Scalable computers have moved from the research lab to the marketplace. Multiple vendors are now shipping scalable systems with configurations in the tens or even hundreds of processors. Unfortunately, the operating system (OS) software for these machines has often trailed hardware in reaching the functionality and reliability expected by modern computer users. A major reason for the inability of OS developers to deliver on the promises of these machines is that extensive modifications to the operating system are required to efficiently support scalable shared memory multiprocessor machines, such as cache coherent non-uniform memory access (CC-NUMA) machines. With the size of the system software for modern computers in the millions of lines of code, the OS changes required to adapt them for CC-NUMA machines represent a significant development cost. These changes have an impact on many of the standard modules that make up a modern operating system, such as virtual memory management and the scheduler. As a result, the system software for these machines is generally delivered significantly later than the hardware. Even when the changes are functionally complete, they are likely to introduce instabilities for a certain period of time.
Late, incompatible, and possibly even buggy system software can significantly impact the success of such machines, regardless of the innovations in the hardware. As the computer industry matures, users expect to carry forward their large base of existing application programs. Furthermore, with the increasing role that computers play in today's society, users are demanding highly reliable and available computing systems. The cost of achieving reliability in computers may even dwarf the benefits of the innovation in hardware for many application areas.
In addition, computer hardware vendors that use commodity operating systems such as Microsoft's Windows NT (Custer, 1993) face an even greater problem in obtaining operating system support for their CC-NUMA multiprocessors. These vendors need to persuade an independent company to make changes to the operating system to support the new hardware. Not only must these vendors deliver on the promises of the innovative hardware, they must also convince powerful software companies to port to OS (Perez, 1995). Given this situation, it is not surprising that computer architects frequently complain about the constraints and inflexibility of system software. From their perspective, these software constraints are an impediment to innovation.

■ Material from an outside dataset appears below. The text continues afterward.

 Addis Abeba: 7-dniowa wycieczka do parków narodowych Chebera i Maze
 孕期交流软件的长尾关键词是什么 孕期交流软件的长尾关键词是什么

Two opposite approaches are currently being taken to deal with the system software challenges of scalable shared-memory multiprocessors. The first one is to throw a large OS development effort at the problem and effectively address these challenges in the operating system. Examples of this approach are the Hive (Rosenblum, 1996) and Hurricane (Unrau, 1995) research prototypes and the Cellular-IRIX operating system recently announced by Silicon Graphics to support its shared memory machine, the Origin2000 (Laudon, 1997). These multi-kernel operating systems handle the scalability of the machine by partitioning resources into "cells" that communicate to manage the hardware resources efficiently and export a single system image, effectively hiding the distributed system from the user. In Hive, the cells are also used to contain faults within cell boundaries. In addition, these systems incorporate resource allocators and schedulers for processors and memory that can handle the scalability and the NUMA aspects of the machine. These designs, however, require significant OS changes, including partitioning the system into scalable units, building a single system image across the units, as well as other features such as fault containment and CC-NUMA management (Verghese, 1996). This approach also does not enable commodity operating systems to run on the new hardware.
The second approach to dealing with the system software challenges of scalable shared-memory multiprocessors is to statically partition the machine and run multiple, independent operating systems that use distributed system protocols to export a partial single system image to the users. An example of this approach is the Sun Enterprise10000 machine that handles software scalability and hardware reliability by allowing users to hard partition the machine into independent failure units each running a copy of the Solaris operating system. Users still benefit from the tight coupling of the machine, but cannot dynamically adapt the partitioning to the load of the different units. This approach favors low implementation cost and compatibility over innovation. Digital's announced Galaxies operating system, a multi-kernel version of VMS, also partitions the machine relatively statically like the Sun machine, with the additional support for segment drivers that allow applications to share memory across partitions. Galaxies reserves a portion of the physical memory of the machine for this purpose.